## Description of the task:
Retype, word for word, each line between the lines holding "Соковыжималка Sencor SCJ" and "SOUPAPE ANTI-RETOUR JG 12 mm - TRUMA", inclusive, and leave the rest of the data alone.

## Exercise data:
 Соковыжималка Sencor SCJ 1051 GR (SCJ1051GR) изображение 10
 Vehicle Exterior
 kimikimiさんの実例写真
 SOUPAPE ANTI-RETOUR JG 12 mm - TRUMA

* * *

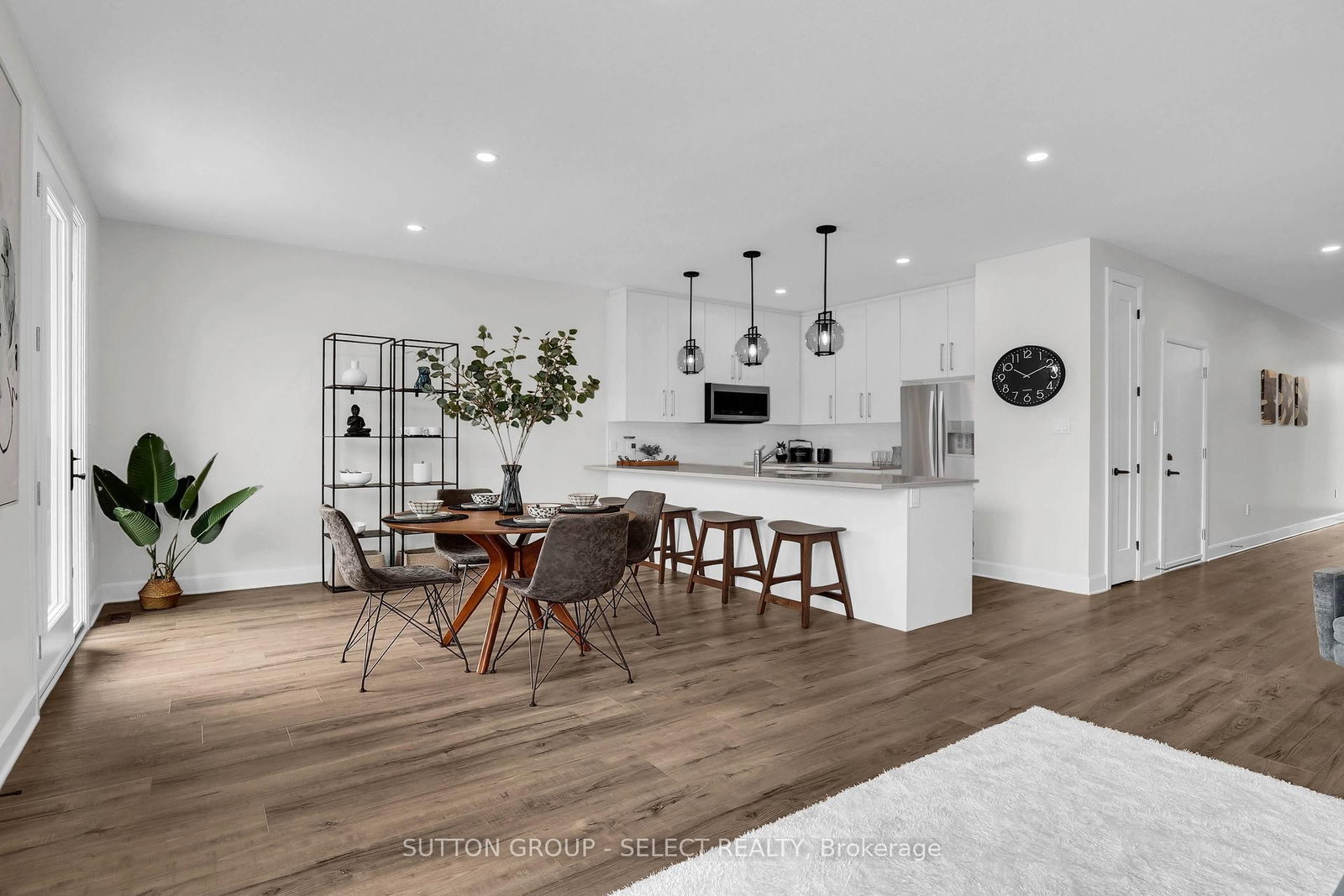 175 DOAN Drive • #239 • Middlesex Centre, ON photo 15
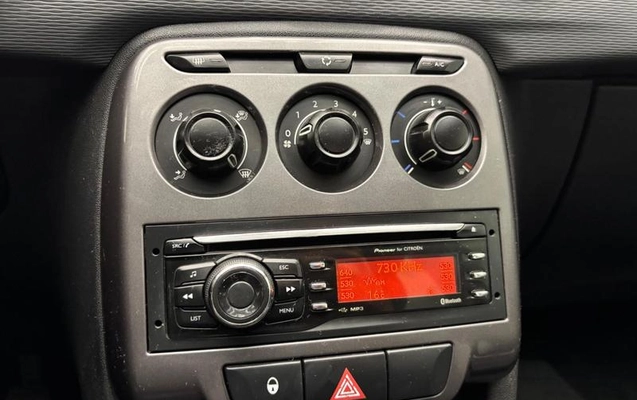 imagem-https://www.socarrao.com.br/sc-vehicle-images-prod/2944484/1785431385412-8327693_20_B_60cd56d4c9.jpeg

## Final answer:
 Соковыжималка Sencor SCJ 1051 GR (SCJ1051GR) изображение 10
 Vehicle Exterior
 kimikimiさんの実例写真
 SOUPAPE ANTI-RETOUR JG 12 mm - TRUMA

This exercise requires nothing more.